Centrale nucléaire de nuit
27 juin 2022
Média et télécoms

Face à un parc nucléaire vieillissant et aux enjeux écologiques, la filière nucléaire est au cœur d’immenses investissements innovants en France. Pour de nombreux pays, l’énergie nucléaire apparaît comme une alternative incontournable aux énergies fossiles.

Ces volontés de changements et d’engagements ont été renforcées suite à la réélection de Monsieur Macron qui souhaite comme objectif premier de faire émerger en France les petits réacteurs modulaires (Small Modular Reactor, SMR, en anglais ). Ils sont en principe plus sûrs, plus rapides et moins chers à construire que les réacteurs nucléaires classiques. Mais qu’en est-il réellement ? 
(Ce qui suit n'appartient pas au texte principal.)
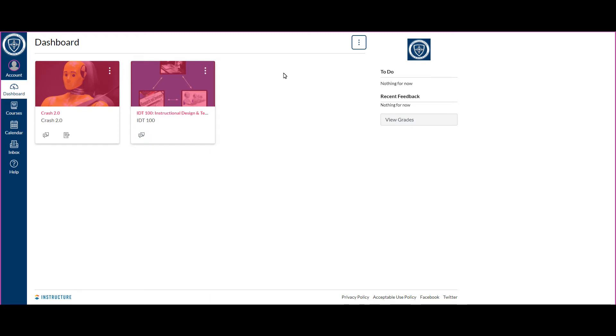You can also view your to-do list over here on the right. It has all your upcoming assignments, due dates, things of that nature. So really this view, you should be able to access everything you need to access. Now once you're in the course, keep in mind your teacher will have those expectations for how work is completed within the course.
Qu’est-ce qu’un petit réacteur modulaire  ? 

Par SMR, on entend une famille de réacteurs nucléaires sous forme de modules qui peuvent directement être installés sur site. Ils peuvent être simplement des versions simplifiées des réacteurs existants ou encore utiliser des technologies entièrement nouvelles. Leur point commun reste l’utilisation de la fission nucléaire (libération d’une grande quantité d’énergie suite à la division d’un noyau d’atome).

Ces Small Modular Reactor ont une puissance inférieure à 300 MW. En comparaison, les réacteurs dits “classiques” se situent entre 500 et 1650 MW. Enfin ces réacteurs modulaires peuvent être associés pour adapter leur puissance électrique afin de répondre à une demande d’électricité qui évolue constamment.

Ces petits réacteurs modulaires peuvent se transformer en systèmes multimodulaires qui permettront de coupler différents types d’énergies : le nucléaire avec d’autres sources d’énergie comme des énergies renouvelables. L’objectif étant d’obtenir une production d’électricité à bas prix et adaptable.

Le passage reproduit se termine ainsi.